TASK BRIEF: Where in the records does the word "Push" occur? Copy each line in which it does.

DATA IN THIS EXERCISE:

- - - - - - -

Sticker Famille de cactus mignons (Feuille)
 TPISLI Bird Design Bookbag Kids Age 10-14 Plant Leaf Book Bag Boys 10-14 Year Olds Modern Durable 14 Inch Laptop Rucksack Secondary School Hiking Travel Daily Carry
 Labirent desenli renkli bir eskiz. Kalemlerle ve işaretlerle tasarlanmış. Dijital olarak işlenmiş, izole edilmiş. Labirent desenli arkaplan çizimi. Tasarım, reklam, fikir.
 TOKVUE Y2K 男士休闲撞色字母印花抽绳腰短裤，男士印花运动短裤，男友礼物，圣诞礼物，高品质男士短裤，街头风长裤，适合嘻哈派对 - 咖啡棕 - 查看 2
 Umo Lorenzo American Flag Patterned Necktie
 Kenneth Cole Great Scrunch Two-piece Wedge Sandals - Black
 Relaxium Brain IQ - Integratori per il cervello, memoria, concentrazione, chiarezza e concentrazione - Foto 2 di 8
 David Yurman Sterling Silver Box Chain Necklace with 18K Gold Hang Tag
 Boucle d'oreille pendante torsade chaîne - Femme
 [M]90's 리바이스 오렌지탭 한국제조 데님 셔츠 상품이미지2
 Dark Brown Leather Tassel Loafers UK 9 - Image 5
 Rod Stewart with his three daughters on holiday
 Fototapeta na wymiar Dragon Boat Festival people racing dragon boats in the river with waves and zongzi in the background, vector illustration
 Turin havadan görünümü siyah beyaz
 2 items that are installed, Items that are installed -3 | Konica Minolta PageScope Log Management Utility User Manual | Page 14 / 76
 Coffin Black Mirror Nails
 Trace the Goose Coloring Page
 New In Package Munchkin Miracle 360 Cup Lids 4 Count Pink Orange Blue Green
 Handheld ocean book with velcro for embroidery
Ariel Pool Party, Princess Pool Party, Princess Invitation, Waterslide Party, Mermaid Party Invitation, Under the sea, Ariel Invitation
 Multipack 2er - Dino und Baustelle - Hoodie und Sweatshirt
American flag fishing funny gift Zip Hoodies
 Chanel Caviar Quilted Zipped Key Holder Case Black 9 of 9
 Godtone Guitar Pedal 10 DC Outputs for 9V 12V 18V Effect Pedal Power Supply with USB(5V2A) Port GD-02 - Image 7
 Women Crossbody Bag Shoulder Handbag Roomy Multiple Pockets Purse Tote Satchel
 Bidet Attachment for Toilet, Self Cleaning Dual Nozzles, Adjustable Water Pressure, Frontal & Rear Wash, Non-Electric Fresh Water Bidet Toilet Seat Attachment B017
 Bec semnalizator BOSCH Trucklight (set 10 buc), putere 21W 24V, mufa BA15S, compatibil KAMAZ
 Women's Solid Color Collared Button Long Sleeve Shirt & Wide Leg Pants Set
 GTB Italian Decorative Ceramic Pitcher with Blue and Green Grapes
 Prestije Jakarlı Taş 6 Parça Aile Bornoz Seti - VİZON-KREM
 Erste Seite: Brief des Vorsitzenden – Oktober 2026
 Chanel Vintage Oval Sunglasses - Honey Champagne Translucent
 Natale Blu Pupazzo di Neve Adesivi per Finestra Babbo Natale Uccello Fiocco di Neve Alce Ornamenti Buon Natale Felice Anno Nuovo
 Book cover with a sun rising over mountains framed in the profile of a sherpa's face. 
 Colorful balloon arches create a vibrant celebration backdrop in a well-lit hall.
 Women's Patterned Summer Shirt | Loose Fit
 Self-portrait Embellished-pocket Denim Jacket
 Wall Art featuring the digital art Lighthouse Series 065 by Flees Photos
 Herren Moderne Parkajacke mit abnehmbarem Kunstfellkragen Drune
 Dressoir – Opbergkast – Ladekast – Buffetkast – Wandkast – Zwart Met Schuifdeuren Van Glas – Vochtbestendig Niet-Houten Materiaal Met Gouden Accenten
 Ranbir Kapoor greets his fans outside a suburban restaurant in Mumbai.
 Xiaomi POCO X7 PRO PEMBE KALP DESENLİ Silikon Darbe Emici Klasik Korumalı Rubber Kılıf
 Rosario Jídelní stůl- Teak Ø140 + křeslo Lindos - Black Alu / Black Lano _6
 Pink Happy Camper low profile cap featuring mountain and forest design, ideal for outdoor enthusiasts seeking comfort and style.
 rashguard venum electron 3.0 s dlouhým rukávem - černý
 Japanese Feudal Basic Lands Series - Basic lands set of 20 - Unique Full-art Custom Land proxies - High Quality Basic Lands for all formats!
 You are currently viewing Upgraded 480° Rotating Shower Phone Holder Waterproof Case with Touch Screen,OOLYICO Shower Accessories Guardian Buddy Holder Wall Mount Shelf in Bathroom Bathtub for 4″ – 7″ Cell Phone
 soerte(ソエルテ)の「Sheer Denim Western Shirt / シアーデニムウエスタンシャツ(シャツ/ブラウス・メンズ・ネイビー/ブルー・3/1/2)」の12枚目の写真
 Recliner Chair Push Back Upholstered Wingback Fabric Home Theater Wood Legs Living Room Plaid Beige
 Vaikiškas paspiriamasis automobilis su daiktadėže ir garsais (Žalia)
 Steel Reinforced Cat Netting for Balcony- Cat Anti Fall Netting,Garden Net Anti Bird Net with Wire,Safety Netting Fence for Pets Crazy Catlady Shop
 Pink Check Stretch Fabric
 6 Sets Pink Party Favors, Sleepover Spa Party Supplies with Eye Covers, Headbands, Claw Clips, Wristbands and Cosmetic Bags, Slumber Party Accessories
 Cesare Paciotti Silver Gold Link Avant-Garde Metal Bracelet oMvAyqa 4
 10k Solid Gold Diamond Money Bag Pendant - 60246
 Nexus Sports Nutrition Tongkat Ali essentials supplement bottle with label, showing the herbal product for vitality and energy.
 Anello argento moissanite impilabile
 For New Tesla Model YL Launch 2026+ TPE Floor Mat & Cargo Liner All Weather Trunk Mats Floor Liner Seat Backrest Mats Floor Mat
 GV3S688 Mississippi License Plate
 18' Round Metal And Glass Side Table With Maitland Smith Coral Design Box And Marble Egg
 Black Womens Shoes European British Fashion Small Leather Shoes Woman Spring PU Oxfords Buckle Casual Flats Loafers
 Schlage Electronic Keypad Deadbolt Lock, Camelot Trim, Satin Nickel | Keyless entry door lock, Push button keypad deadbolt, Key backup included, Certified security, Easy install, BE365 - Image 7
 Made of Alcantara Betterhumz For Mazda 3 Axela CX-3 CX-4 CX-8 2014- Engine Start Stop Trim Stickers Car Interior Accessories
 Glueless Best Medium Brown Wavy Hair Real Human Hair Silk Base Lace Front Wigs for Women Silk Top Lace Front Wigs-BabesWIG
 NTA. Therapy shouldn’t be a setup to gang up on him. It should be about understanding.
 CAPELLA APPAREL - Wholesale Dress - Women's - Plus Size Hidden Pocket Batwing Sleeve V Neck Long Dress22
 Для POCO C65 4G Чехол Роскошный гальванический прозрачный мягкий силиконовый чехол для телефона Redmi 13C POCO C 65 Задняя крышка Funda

- - - - - - -

RESULT OF THIS TASK:
 Recliner Chair Push Back Upholstered Wingback Fabric Home Theater Wood Legs Living Room Plaid Beige
 Schlage Electronic Keypad Deadbolt Lock, Camelot Trim, Satin Nickel | Keyless entry door lock, Push button keypad deadbolt, Key backup included, Certified security, Easy install, BE365 - Image 7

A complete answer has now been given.